You need to watch Call My Agent to know the truth about Parisian style

The beauteous Cécile de France, playing herself, is rejected by Quentin Tarantino for a role because, at 39, she’s informed she’s too old. A career lifeline is flung provided she agrees to having “procedures”. Disgusted, she refuses – until her wily agent shows her a picture of his youthful and natural-looking fiftysomething wife and, with the experienced smoothness of an insurance salesman, lists all the tweakments she’s had.

There are also style lessons, from understated make-up and more or less natural hair colour to Discreetly Botoxed Wife’s grey corduroy trouser-suit, which I tried and failed for months to track down. Incidentally, she is played by Philippine Leroy‑Beaulieu, who also appears in Emily in Paris, where she’s a cartoon Parisian nightmare.

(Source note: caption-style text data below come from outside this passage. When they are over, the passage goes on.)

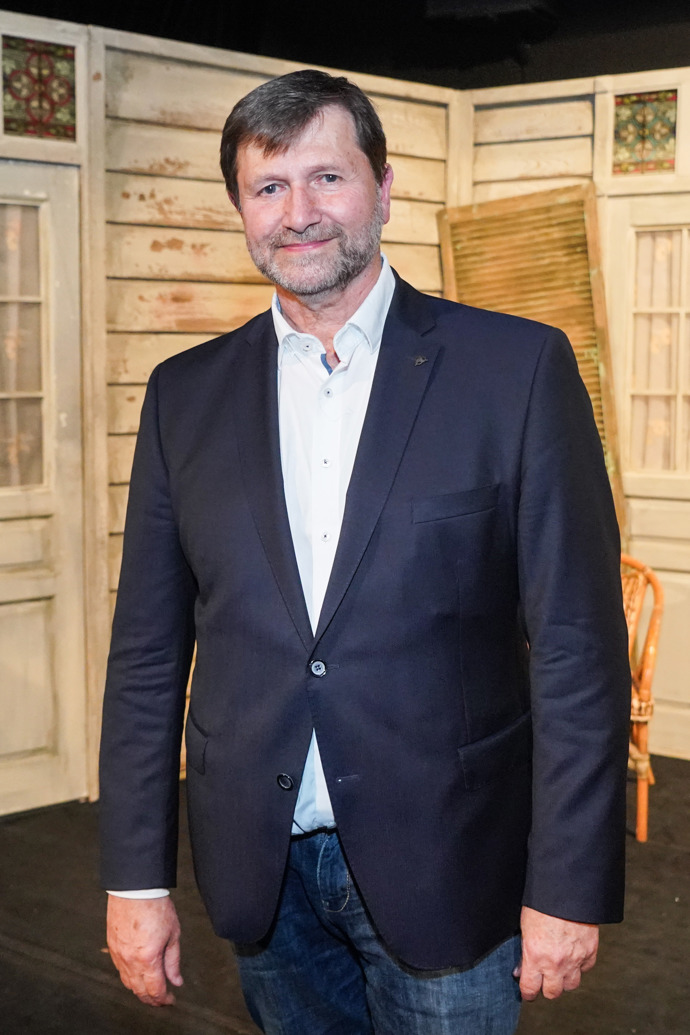 Principál Divadla Na Jezerce, herec Jan Hrušínský, patří rovněž mezi červnové oslavence. Devátého června oslaví 67 let.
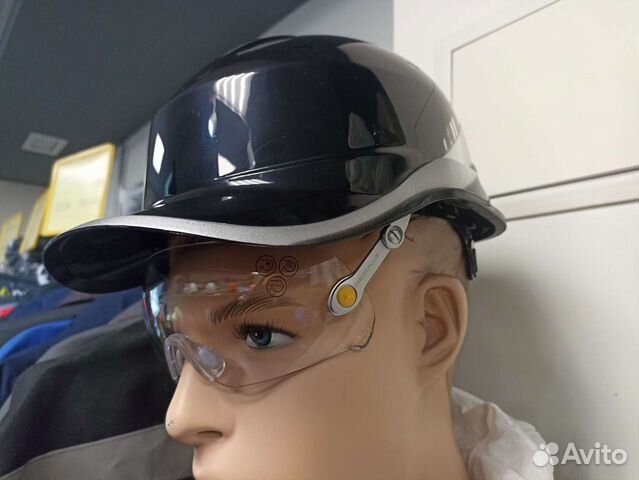 Каска с очками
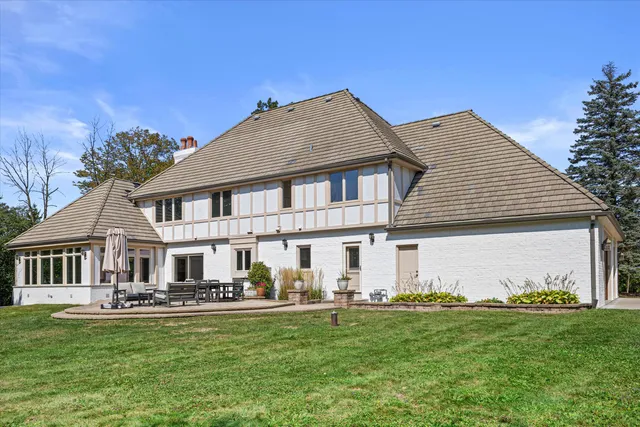 $1,995,000 | 2751 West Deer Creek Court, River Hills, WI 53217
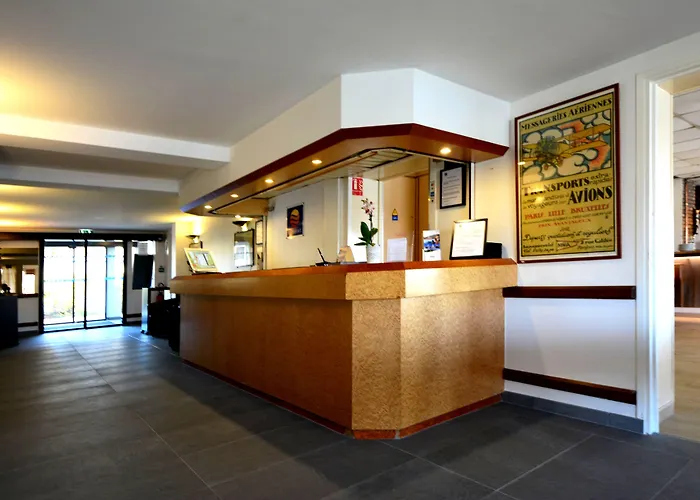 Logis - Hotel & Restaurant Des Lacs Paris Sud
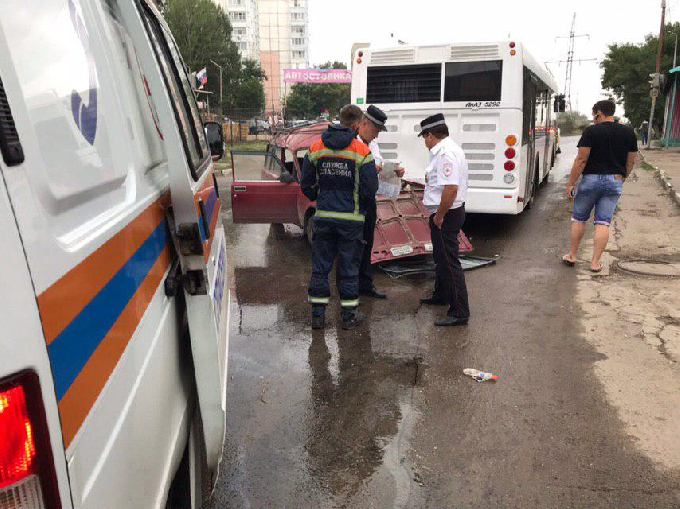 На Тархова в ДТП с автобусом пострадал молодой водитель «Жигулей»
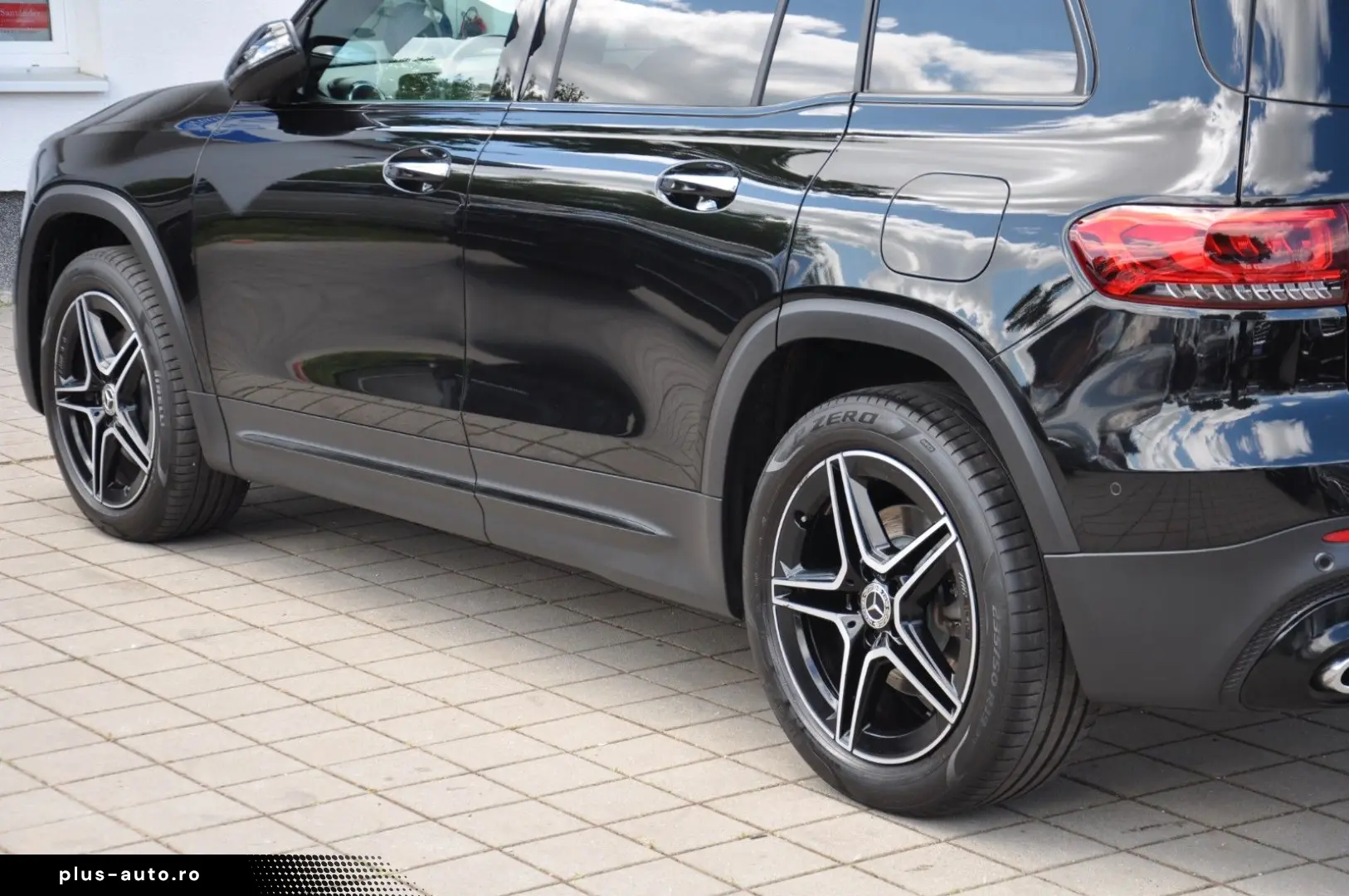MERCEDES-BENZ GLB 220 d 8G-DCT AMG-NIGHT-DISTR.-RKAM-AHK-LED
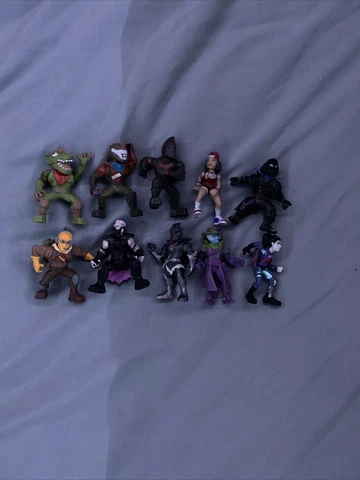 Fortnite Mini Action Figures Cover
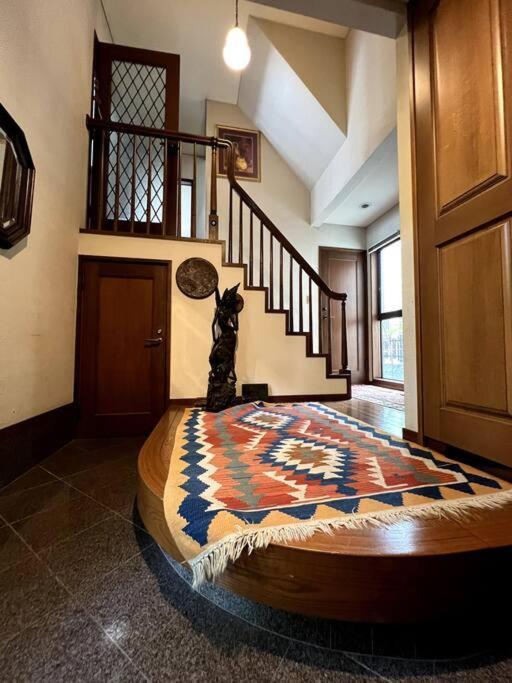 Chalet Diplomat House Very Close To Jr Station *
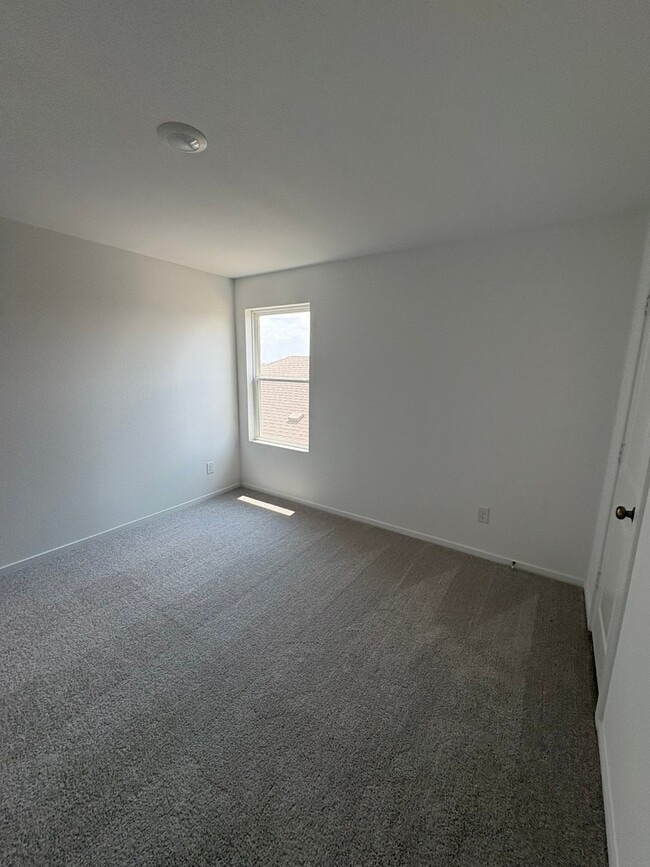 Building Photo - 16810 Great Highlands Dr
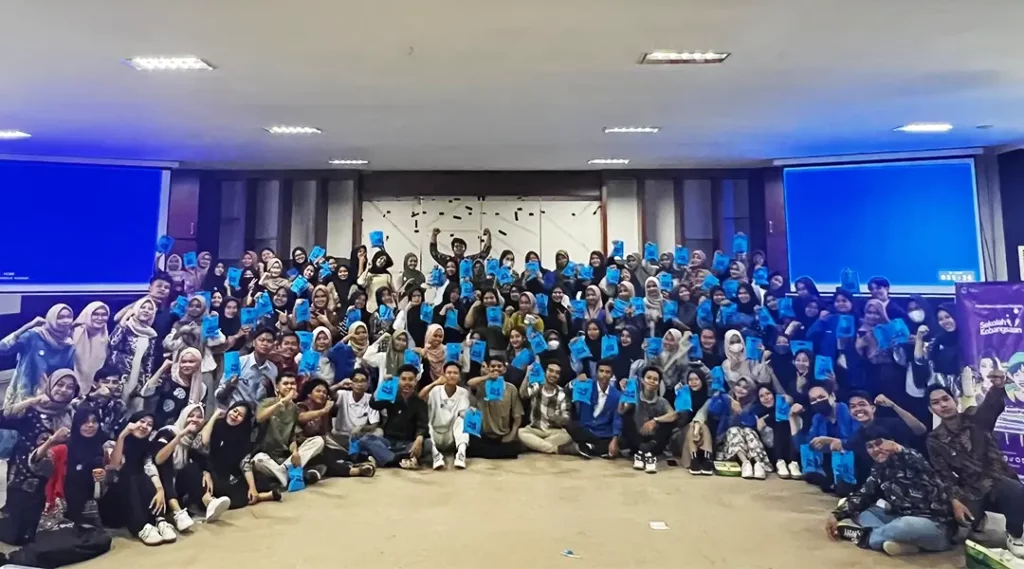 Foto bersama peserta Sekolah Kebangsaan Tuans Nalar 3.0 di Untad, Senin (26/10/2024). (Foto: ist)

These characters and their clothes are lovably real – you can imagine them being tetchily Parisian when required. There’s the rookie assistant, who at the outset wears bobbly jumpers and something suspiciously akin to stone-washed jeans (forgive her, she’s not originally from Paris); the put-upon, frumpy PA who wears wrap dresses and proves that some French women do put on weight; the preppy lesbian who lives in a classic taupe trench, the gravel-voiced matriarch agent, one of the only characters to wear head-to-toe black and crimson lips at all times.